Tahun Ajaran Baru dan Kurikulum Pendidikan Seks

Wiwin Wijiyanti, SPdOleh :  
Wiwin Wijiyanti, SPd
Guru Mata Pelajaran Geografi MAN 2 Bojonegoro-Jatim,
Alumnus Universitas Negeri Malang,
Email: bundawiwinwijiyanti@gmail.com

Tahun ajaran 2014/2015 berlangsung mulai 14 Juli 2014. Tentunya banyak hal yang baru. Mulai dari kurikulum 13, buku baru, dan juga seragam baru dengan logo merah putih di dada di atas saku seragam sekolah para peserta didik di lembaga pendidikan kita.
Lantas apa yang perlu kita sikapi dari tahun ajaran baru ini? Pertanyaaan lainnya adalah bagaimana dan apa yang harus dipersiapkan agar lembaga pendidikan kita bisa menciptakan suasana yang nyaman dan aman bagi peserta didik tidak seperti kejadian beberapa waktu terkait dengan kekerasan seks?
Pemicu Kekerasan
Pertanyaannya adalah sejak kapan kekerasan itu terjadi?
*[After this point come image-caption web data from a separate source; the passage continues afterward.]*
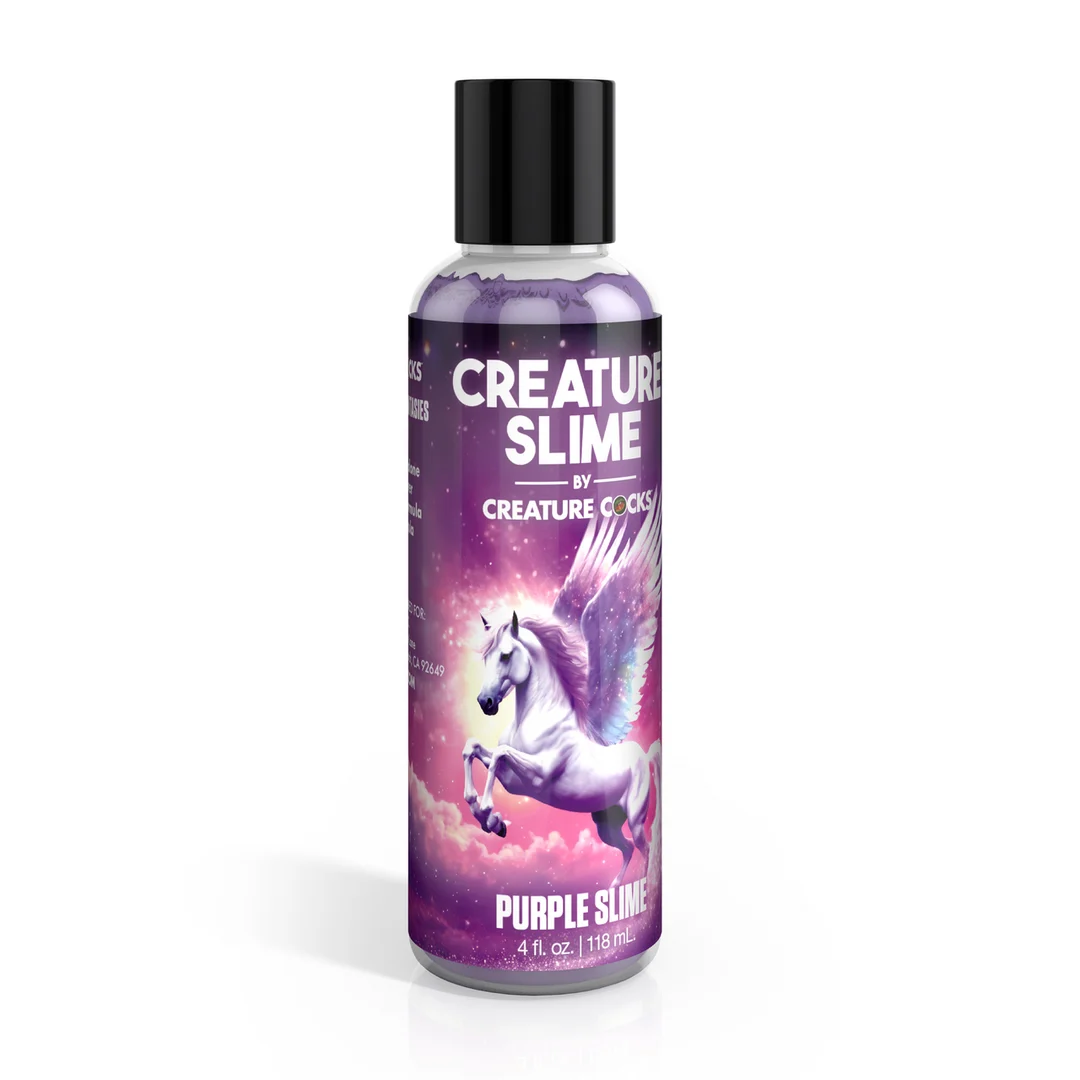 AH587-4OZ-5 Creature Slime lila Gleitgel auf Wasserbasis – Bild 1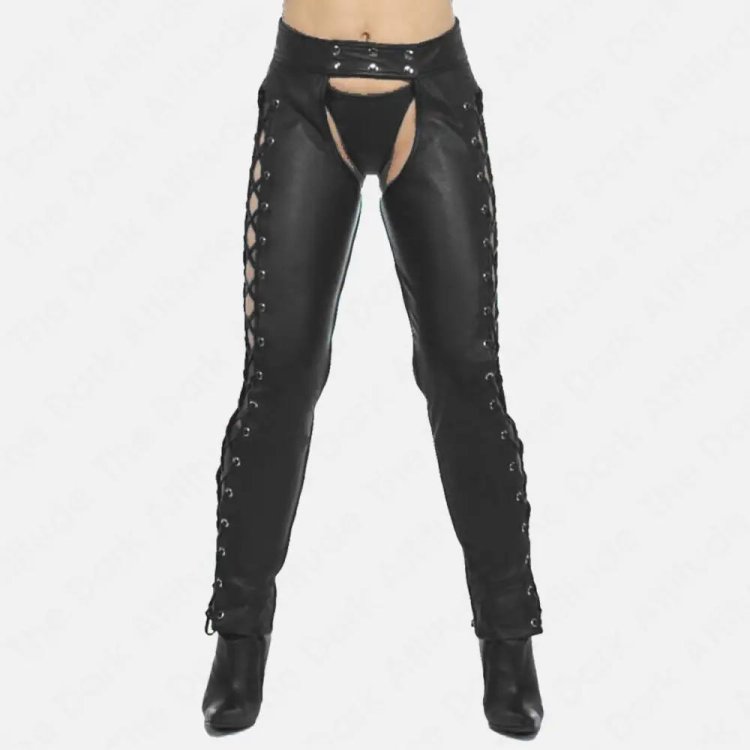 Leather chaps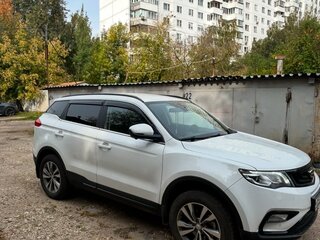 2021 Geely Atlas I, белый, 1900000 рублей, вид 3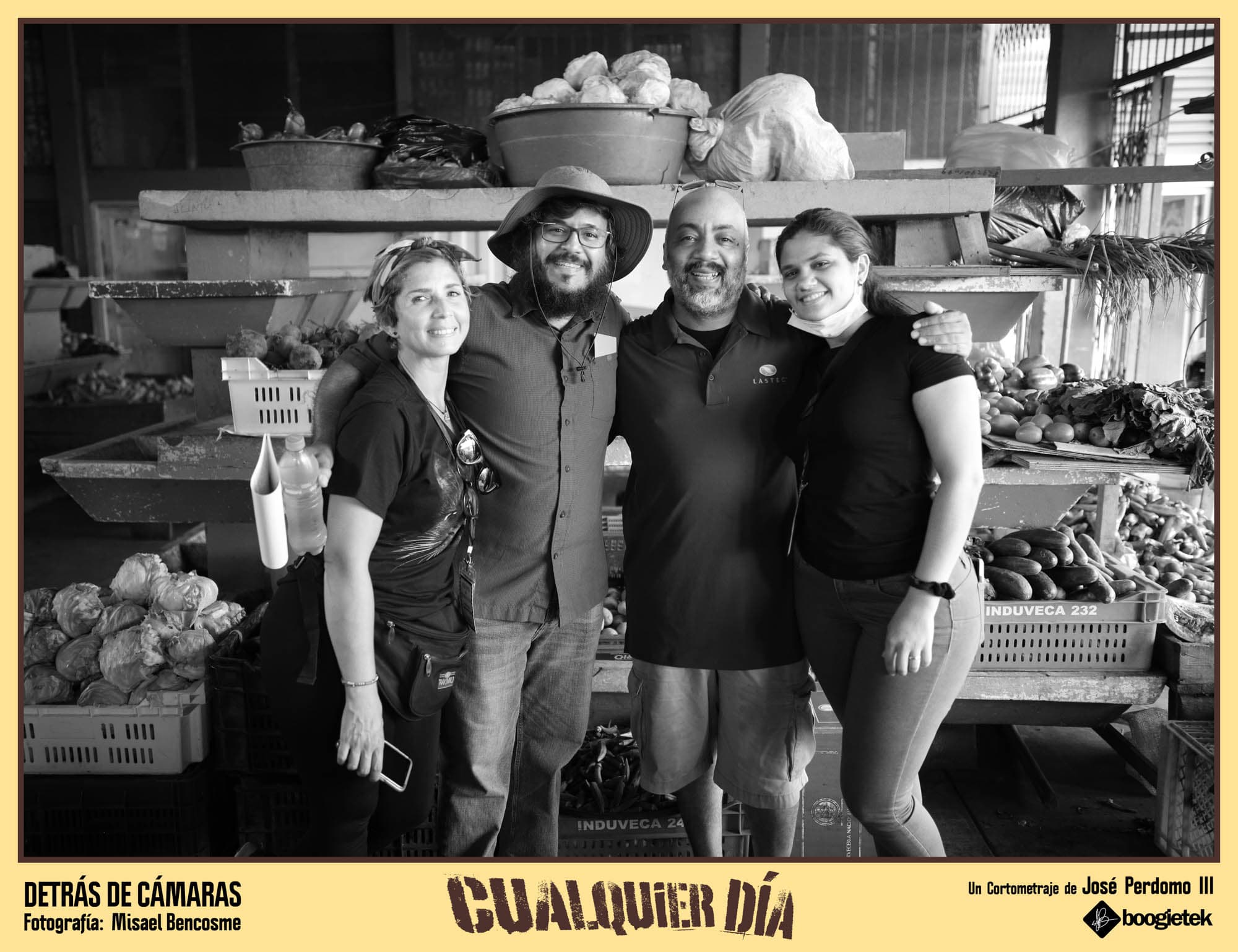 Any Day behind the scenes — Boogietek Photo+Cinema, Moca Dominican Republic, independent film production South Florida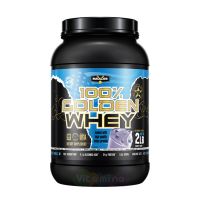 Maxler Протеин Golden Whey, 908 г черничный маффин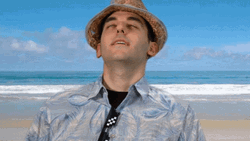 Tranquil Breathing In Beach GIF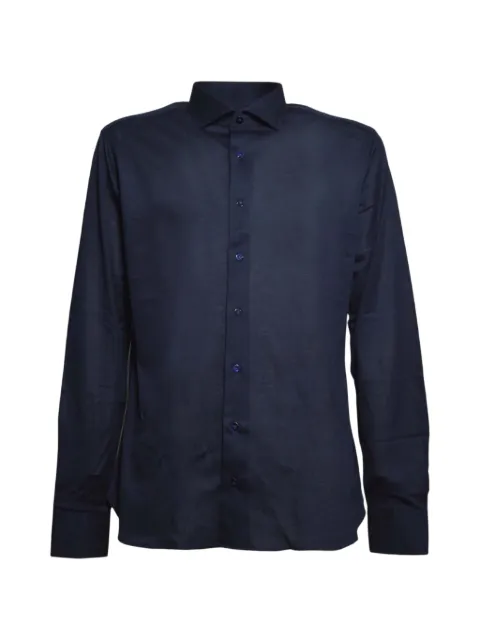 BORRIELLO NAPOLI long-sleeve shirt Blue 220674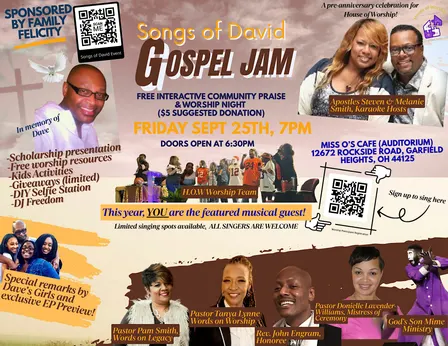 Songs of David Gospel Jam
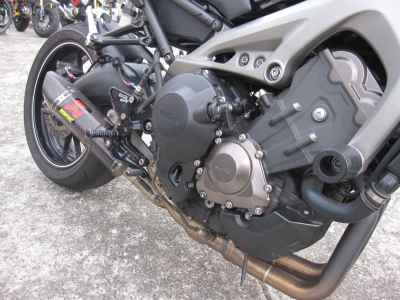 Yamaha MT-09 2015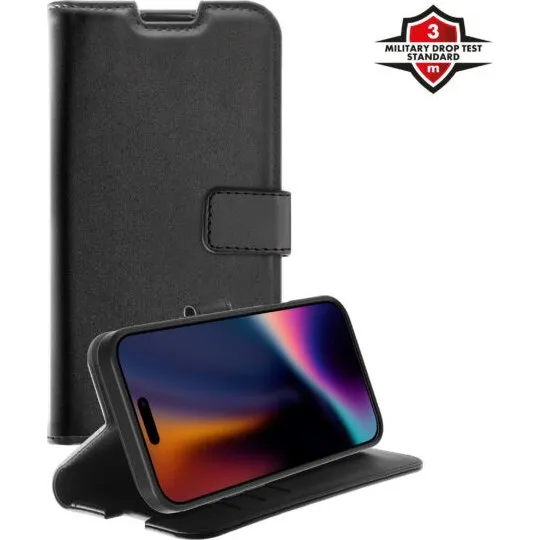 X2O Classic Wallet til iPhone 18 Pro Max/17 Pro Max - Sort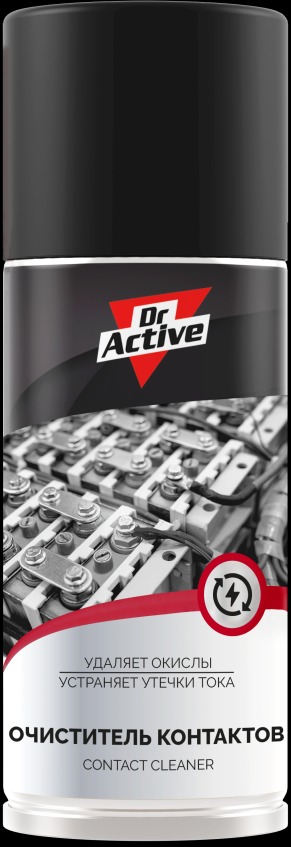 Очиститель элктроконтактов Contact Cleaner Dr.Active аэрозоль 210мл 979804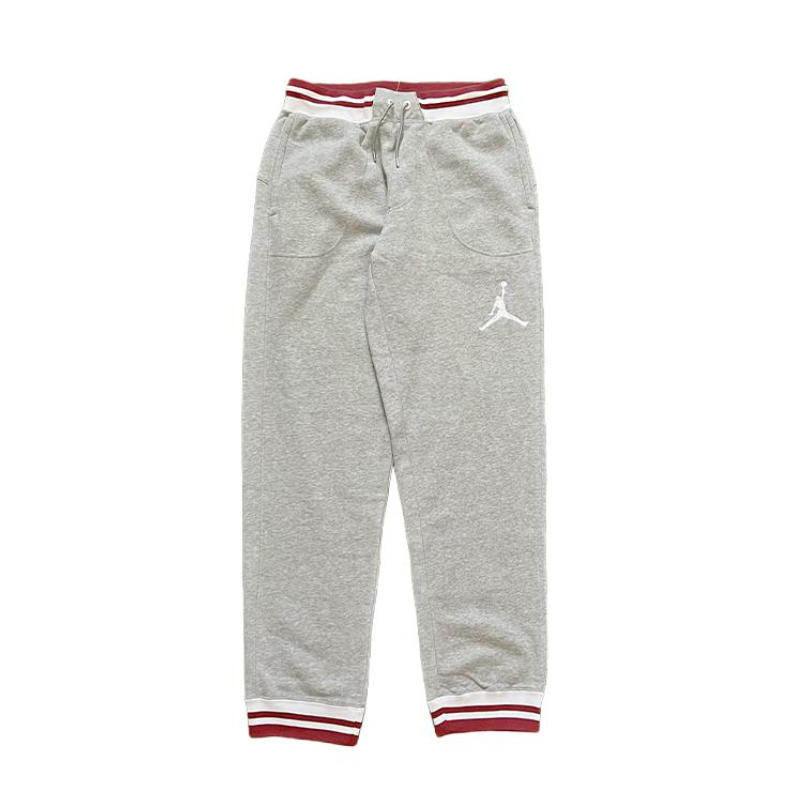 Jordan Brand 加绒针织束腿运动长裤 男女同款 637317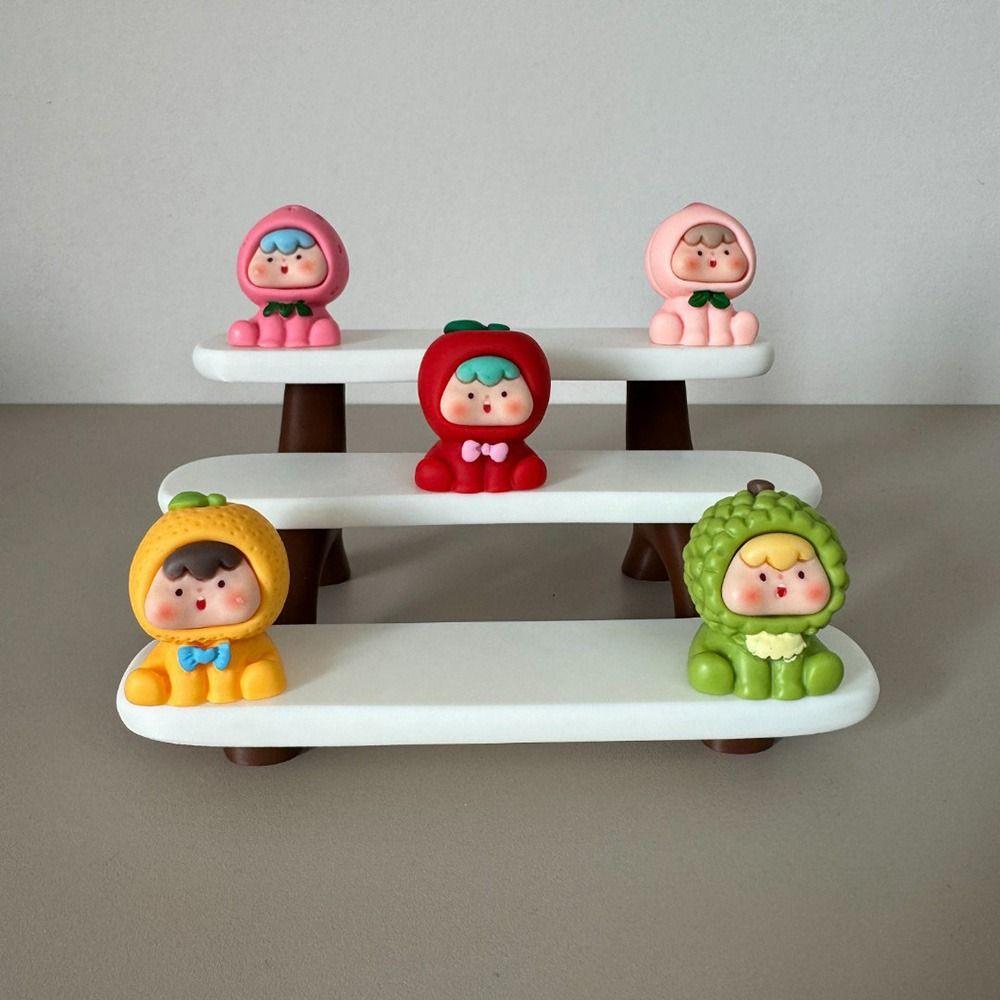 Three-Tier Display Rack Plastic Desktop Stand Versatile Countertop Organizer Bathroom Countertop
Tentu jawabannya beragam. Untuk konteks saat ini, misalnya kekerasan seksual yang terjadi di Jakarta Internasional School (JIS) Jakarta sangat menghebohkan.  Tentunya menimbulkan keprihatinan yang mendalam untuk dunia pendidikan kita saat ini. Anak-anak kita seakan-akan tidak pernah lepas dari bayang-bayang yang menakutkan. Bahaya yang selalu menjadi “hantu” menakutkan bagi masa depannya.
Beban psikologis akan selalu terbawa sampai kapanpun. Semoga kasus JIS secepatnya di tangani. Ucapan terima kasih perlu disampaikan kepada pihak aparat. Dalam perkembangan kasus ini, Polisi telah menemukan tersangkanya (dua petugas kebersihan dan juga tersangka lainnya)  serta  telah memeriksa Kepala Sekolah Timothy Carr dan guru-guru di TK JIS  untuk pengembangan lebih lanjut. Dan Kasus yang melibatkan anak-anak kita berita (JP,  Rabu,7/5) Sudah 400 Anak Jadi Korban. Mereka semua jadi korban kasus Pedofelia hasil temuan KPAI selama 2014.
Munculnya kekerasan seks terhadap anak apa yang melatarbelakangi? Yang jelas kekerasan terhadap anak bisa jadi karena berbagai tayangan pornografi yang marak. Mengapa demikian? Karena jujur harus kita akui pornografi memiliki andil yang cukup signifikan dalam membnetuk pola hidup dan perilaku anak-anak atau yang melihatnya. Sebab kita tahu bahwa anak-anak kita masa yang penuh tanda tanya rasa ingin tahunya sangat tinggi (baca: kepo). Rasa penasaran dan rasa ingin mencobanya tinggi sekali.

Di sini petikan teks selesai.